The dignified homosexual feels ashamed of every queer who flaunts his faggotry, making the dignified homosexual’s stigma more justifiable in the eyes of straights… Pin it on those who deserve it: sex addicts, people with HIV, anyone who magnetises the stigma you can’t shake. — Michael Warner (1999)[1]
Before the release of It’s a Sin, writer Russell T Davies was interviewed in the Sunday Times [2]about the show and his thoughts on HIV, both now and in the 1980s. Although described as “the happiest man [the journalist] had ever met”, his tone gains an “edge” when contemplating men his age contracting the virus in 2021: he is “furious” with them, “staggered” as to how they could do such a thing and harshly underlines that there is “no excuse” to have “unsafe sex” in this day and age. This makes sense under Davies’ logic. Later in the interview he pays homage to antiretroviral drugs (used to treat HIV) and how he believes they ”transformed public attitudes to homosexuality” because HIV had “legitimated” homophobia: “Everything people said about you became true in the shape of a virus. We became a disease, we became ugly, we became wrong. Dangerous and dirty.” This language overarches; “we” as an entire community became diseased, “we” as gay men were all seen as dangerous and dirty. There is no individual, only a vector of disease. From this perspective, gay unity against HIV transmission was necessary for survival: the mainstream population indiscriminately persecuted all gay men regardless of their individual status, so eliminating the virus was viewed as a step towards delegitimising homophobia.
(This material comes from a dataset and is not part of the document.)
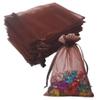 100 Pc 4x6 inch Organza Gift Wrap Bags Brown for Baby Shower,Christmas,Party Favors,Birthday,Wedding,Bridal Shower,Holiday Drawstring Sheer Fabric Clear Mesh Plain Sachet for Jewelry,Candy,Cookie view 1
Davies’ anger towards those having “unsafe” sex in 2021 stems from his belief in self-policing against HIV transmission. Those who don’t partake in such policing threaten all gay men and lay open the entire community to attacks that gay men are inherently promiscuous, hedonistic airheads who infect all they touch. Their presence destabilizes an equilibrium built on shared fears of transmission. This narrative of the “good” versus the “bad” homosexual needs questioning, especially during LGBT history month when narratives of heteronormative integration are pushed as the peak of gay equality. This narrative obfuscates the humanity of the gay movement, the splintering and infighting, and most of all the radicalism. Michael Warner’s “dignified” homosexual is thus overrepresented in recent gay history, while HIV-positive activists of the 1980s and 1990s have been used to “magnetise” homophobia away from the assimilated, healthy gay history everyone is taught. Unfortunately, this history was not as simple as some would like it to be. Early HIV treatments such as azidothymidine (AZT) were contentious and often fatal – it was not a narrative of steady improvement with universal support, and the medicalisation of HIV was not universally accepted by a homogenous gay community.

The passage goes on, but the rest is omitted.